小さな本棚から白いアルバムを取り出すと、ほのかに油の匂いが漂ってきた。同じ日に生まれ、二十五年間の月日を共に過ごしてきた白川優一は、毎日工場で油まみれになりながら働いている。みんなはその匂いを変に思うけど、私は優一の想いを感じられるその匂いが大好きだった。

『優香、結果わかったら教えてね』

 優一と同棲して五年。相変わらずの毎日がくり返さられる狭い部屋に、親友の沢村美穂からのメッセージが響いた。

『もう、まだわからないんだから』

 赤ちゃんのスタンプを添えた美穂のメッセージに、苦笑しながら返事を送る。とはいえ、美穂の気づかいには頬が緩むのをおさえられなかった。

 ――どうなんだろうな

 自分のお腹に手を当てながら、期待と不安が混ざる感覚に身を委ねてみる。体調に異変があったのは数ヶ月前で、体調不良と吐き気が断続的に続いていた。不安を感じて美穂に相談したところ、美穂から返ってきた言葉は『妊娠の可能性』だった。

 もちろん、思い当たる節は多々あったため、優一に思いきって相談してみた。その結果、病院に行ってはっきりさせようと説得され、今日の診察につながっていた。

 ――何回見ても懐かしいな

 病院に行く準備を終え、気持ちを落ち着かせるためにアルバムに目を向ける。なにかあるときは、いつもこうしてアルバムを見ることが多かった。もともと私も優一も同じアルバムを持っていた。けど、どの写真にも二人が写っているせいで中身がほとんど一緒だったこともあり、同棲をきっかけに一つのアルバムにまとめていた。
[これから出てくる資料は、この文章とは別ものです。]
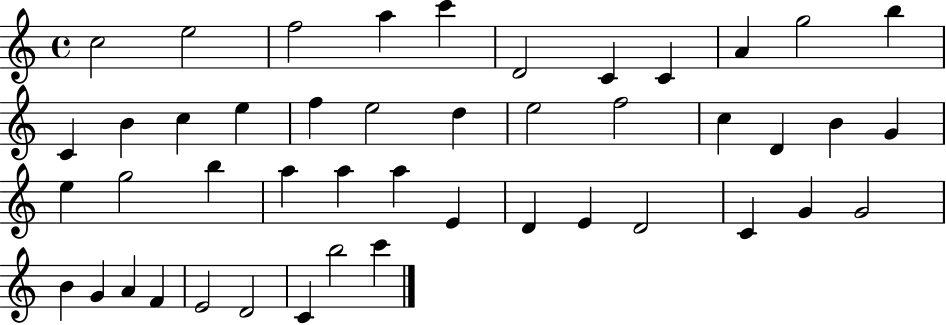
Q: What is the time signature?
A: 4/4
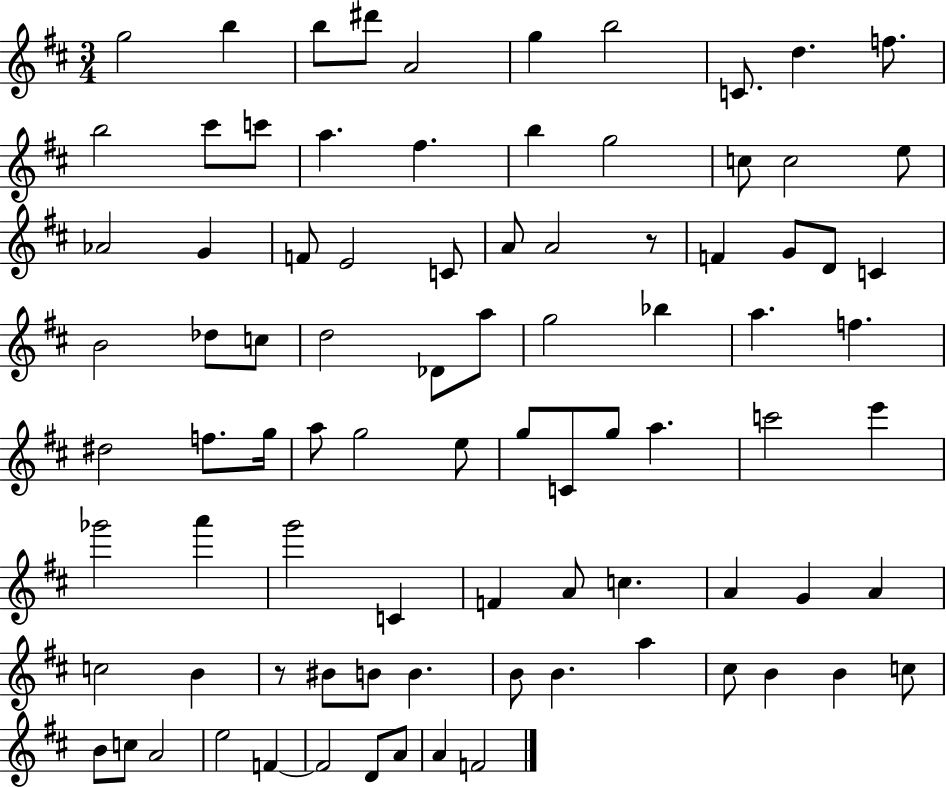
G5/h B5/q B5/e D#6/e A4/h G5/q B5/h C4/e. D5/q. F5/e. B5/h C#6/e C6/e A5/q. F#5/q. B5/q G5/h C5/e C5/h E5/e Ab4/h G4/q F4/e E4/h C4/e A4/e A4/h R/e F4/q G4/e D4/e C4/q B4/h Db5/e C5/e D5/h Db4/e A5/e G5/h Bb5/q A5/q. F5/q. D#5/h F5/e. G5/s A5/e G5/h E5/e G5/e C4/e G5/e A5/q. C6/h E6/q Gb6/h A6/q G6/h C4/q F4/q A4/e C5/q. A4/q G4/q A4/q C5/h B4/q R/e BIS4/e B4/e B4/q. B4/e B4/q. A5/q C#5/e B4/q B4/q C5/e B4/e C5/e A4/h E5/h F4/q F4/h D4/e A4/e A4/q F4/h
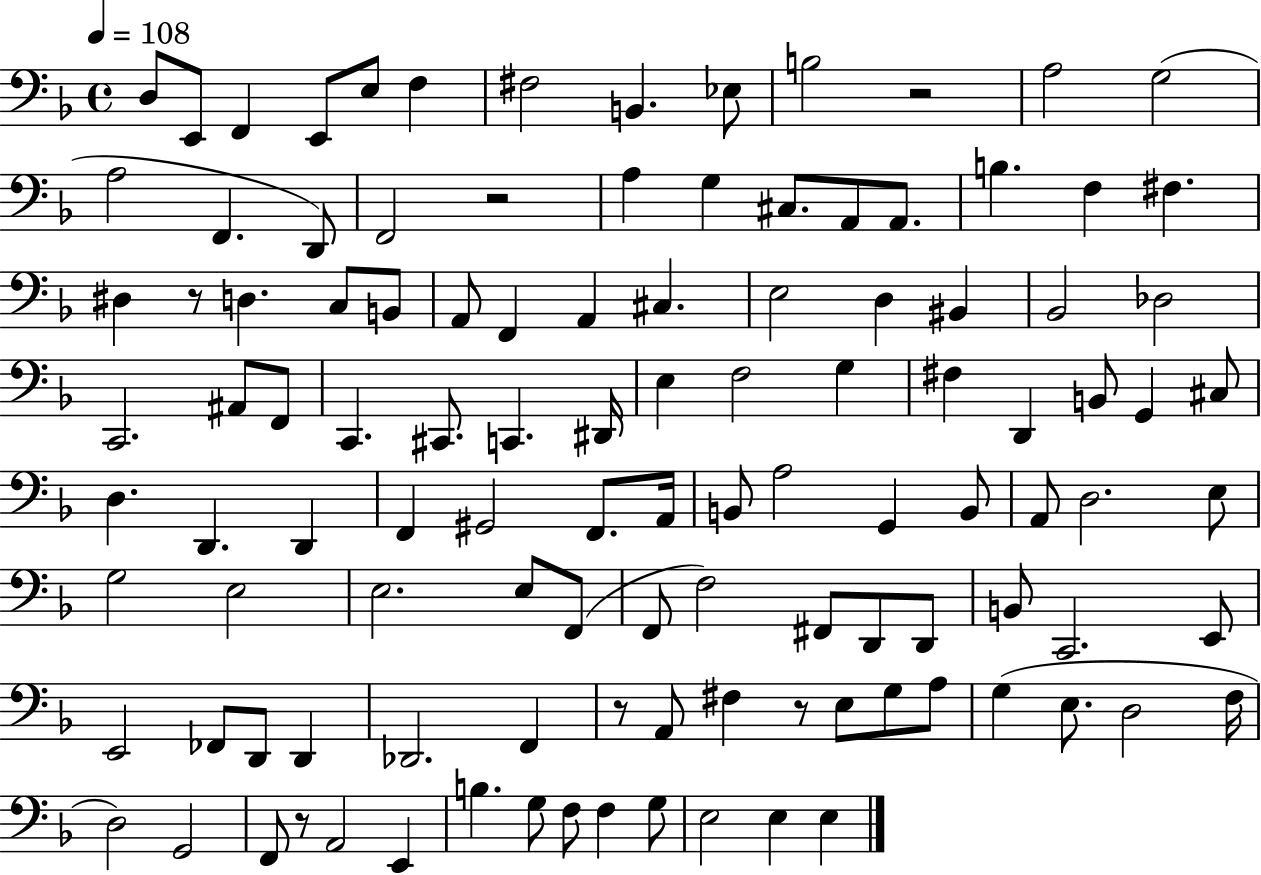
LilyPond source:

{
  \clef bass
  \time 4/4
  \defaultTimeSignature
  \key f \major
  \tempo 4 = 108
  d8 e,8 f,4 e,8 e8 f4 | fis2 b,4. ees8 | b2 r2 | a2 g2( | \break a2 f,4. d,8) | f,2 r2 | a4 g4 cis8. a,8 a,8. | b4. f4 fis4. | \break dis4 r8 d4. c8 b,8 | a,8 f,4 a,4 cis4. | e2 d4 bis,4 | bes,2 des2 | \break c,2. ais,8 f,8 | c,4. cis,8. c,4. dis,16 | e4 f2 g4 | fis4 d,4 b,8 g,4 cis8 | \break d4. d,4. d,4 | f,4 gis,2 f,8. a,16 | b,8 a2 g,4 b,8 | a,8 d2. e8 | \break g2 e2 | e2. e8 f,8( | f,8 f2) fis,8 d,8 d,8 | b,8 c,2. e,8 | \break e,2 fes,8 d,8 d,4 | des,2. f,4 | r8 a,8 fis4 r8 e8 g8 a8 | g4( e8. d2 f16 | \break d2) g,2 | f,8 r8 a,2 e,4 | b4. g8 f8 f4 g8 | e2 e4 e4 | \break \bar "|."
}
 その白いアルバムには、私と優一の思い出が詰まっている。いいことだけでなく、疎遠になりかけるくらいの本気の喧嘩も何回も繰り返してきた。その一つ一つの欠片を見るうちに、緊張と不安でくすぶっていた感情がゆっくりと落ち着いていった。

 ――また新しいの買わないといけないね

 最後のページまで使い切っているのに気づき、そんなことを考えて時計を見ると、病院の予約時間が迫っていた。名残惜しくもアルバムを棚に戻したとき、ふと小さなメガホンがあることに気づいた。

 ――優くん、また買ってる

 子供用のメガホンを手にし、あきれつつも優一の気持ちを考えたら怒る気持ちにはなれかった。小学校から続けていた大好きな野球は、高校卒業と同時に辞めている。本当は大学でもやりたかったはずなのに、私と暮らすために優一は就職を選んでいた。

 だから、優一は妊娠の可能性を喜んでいる。もともと子供好きな性格もあり、将来は子供と野球することを楽しみにしている。その気持ちが先走ってか、優一はこそこそと友人の店でバイトしては、子供用の野球グッズを集めているみたいだった。

 ――男の子だといいね

 手にしたメガホンをそっと戻し、心の中で呟いてみる。

 このときまでは、優一となら明るい未来が待っていることを信じて疑う余地もなかった。